Le bureau de la coor­di­na­tion de l’In­stitut Conver­gences Migra­tions salue sans réserve la ferme riposte de la Conférence des prési­dents d’uni­ver­sité (CPU) suite aux propos de la ministre de l’En­seigne­ment supérieur et de la recherche sur l’« islam­o­gauchisme » au sein des Universités.

« Islamo-gauchisme » : stopper la confusion et les polémiques stériles

Communiqué de la Conférence des présidents d’université (CPU), 16 février 2021

Inter­rogée sur CNews, la ministre de l’enseignement supérieur, de la recherche et de l’innovation a annoncé qu’elle allait demander « notam­ment au CNRS » de faire une enquête sur « l’ensemble des courants de recherche » à propos de « l’islamo-gauchisme » à l’université, « de manière à ce qu’on puisse distinguer ce qui relève de la recherche académique et ce qui relève du mili­tan­tisme et de l’opinion ».
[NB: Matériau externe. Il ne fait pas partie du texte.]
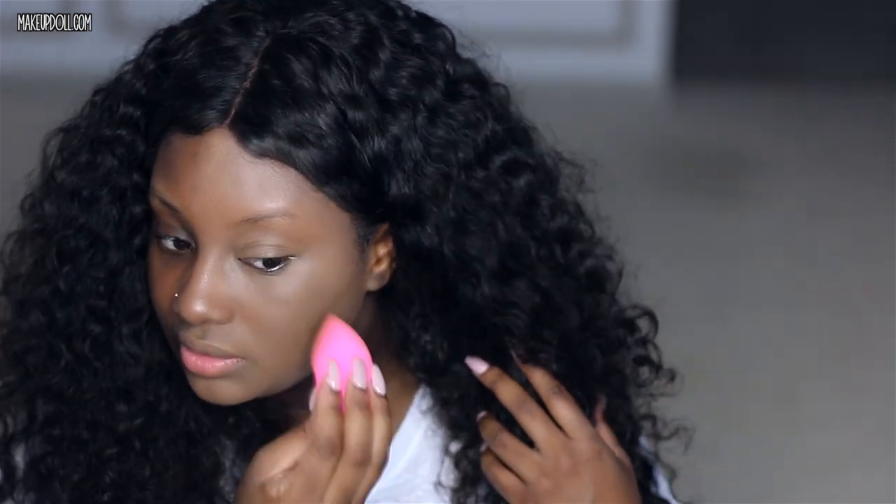So the foundation is definitely full coverage, but I can't feel it on my skin. Like, it doesn't feel as heavy as some other foundations that I have, which kind of shocks me, so it's really nice.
La CPU fait part de sa stupeur face à une nouvelle polémique stérile sur le sujet de l’« islamo-gauchisme » à l’université. « L’islamo-gauchisme » n’est pas un concept. C’est une pseudo-notion dont on chercherait en vain un commence­ment de défi­ni­tion scien­tifique, et qu’il conviendrait de laisser, sinon aux anima­teurs de Cnews, plus large­ment, à l’extrême droite qui l’a popu­larisé. Utiliser leurs mots, c’est faire le lit des tradi­tion­nels procureurs prompts à condamner par principe les univer­si­taires et les universités.
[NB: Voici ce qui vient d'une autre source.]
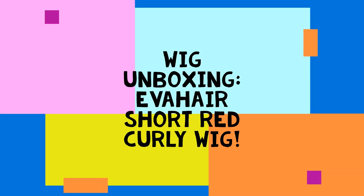So sit back, grab yourselves a cup of coffee. I'll be right back. Okay everybody, I'm back. Here's the package from Eva Hair. I have actually forgotten which one I asked the lady to send, so this is going to be just as big a surprise to me as it is to you.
Comme l’avait juste­ment rappelé dans une tribune le 26 octobre dernier la ministre de l’enseignement supérieur, de la recherche et de l’innovation, « l’université n’est ni la matrice de l’extrémisme, ni un lieu où l’on confondrait éman­ci­pa­tion et endoc­trine­ment. L’université n’est pas un lieu d’encouragement ou d’expression du fanatisme, » mais « le lieu où s’apprennent le doute comme la modéra­tion ainsi que la seule de nos insti­tu­tions capable d’éclairer l’ensemble de la société, de l’école aux médias, par une connais­sance scien­tifique­ment établie, discutée et critiquée collé­giale­ment. » Rien ne saurait justi­fier un change­ment de discours à ce sujet.
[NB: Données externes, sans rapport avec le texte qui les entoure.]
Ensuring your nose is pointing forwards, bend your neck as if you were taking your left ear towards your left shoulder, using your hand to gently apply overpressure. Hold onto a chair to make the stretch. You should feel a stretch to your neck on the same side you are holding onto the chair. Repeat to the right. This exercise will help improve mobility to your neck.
La CPU regrette donc la confu­sion entre ce qui relève de la liberté académique, la liberté de recherche dont l’évaluation par les pairs est garante, et ce qui relève d’éventuelles fautes ou d’infractions, qui font l’objet si néces­saire d’enquêtes admin­is­tra­tives (par l’Inspection générale de l’éducation, du sport et de la recherche), ou d’enquêtes pénales. La CPU s’étonne ainsi de l’instrumentalisation du CNRS dont les missions ne sont en aucun cas de produire des éval­u­a­tions du travail des enseignants-chercheurs, ou encore d’éclaircir ce qui relève « du mili­tan­tisme ou de l’opinion ». La CPU réclame, au minimum, des clar­i­fi­ca­tions urgentes, tant sur les fonde­ments idéologiques d’une telle enquête, que sur la forme, qui oppose CNRS et univer­sités alors que la recherche est menée conjoin­te­ment sur nos campus par les chercheurs et les enseignants-chercheurs.

La CPU appelle à élever le débat. Si le gouverne­ment a besoin d’analyses, de contra­dic­tions, de discours scien­tifiques étayés pour l’aider à sortir des représen­ta­tions cari­cat­u­rales et des arguties de café du commerce, les univer­sités se tien­nent à sa dispo­si­tion. Le débat poli­tique n’est par principe pas un débat scien­tifique : il ne doit pas pour autant conduire à raconter n’importe quoi.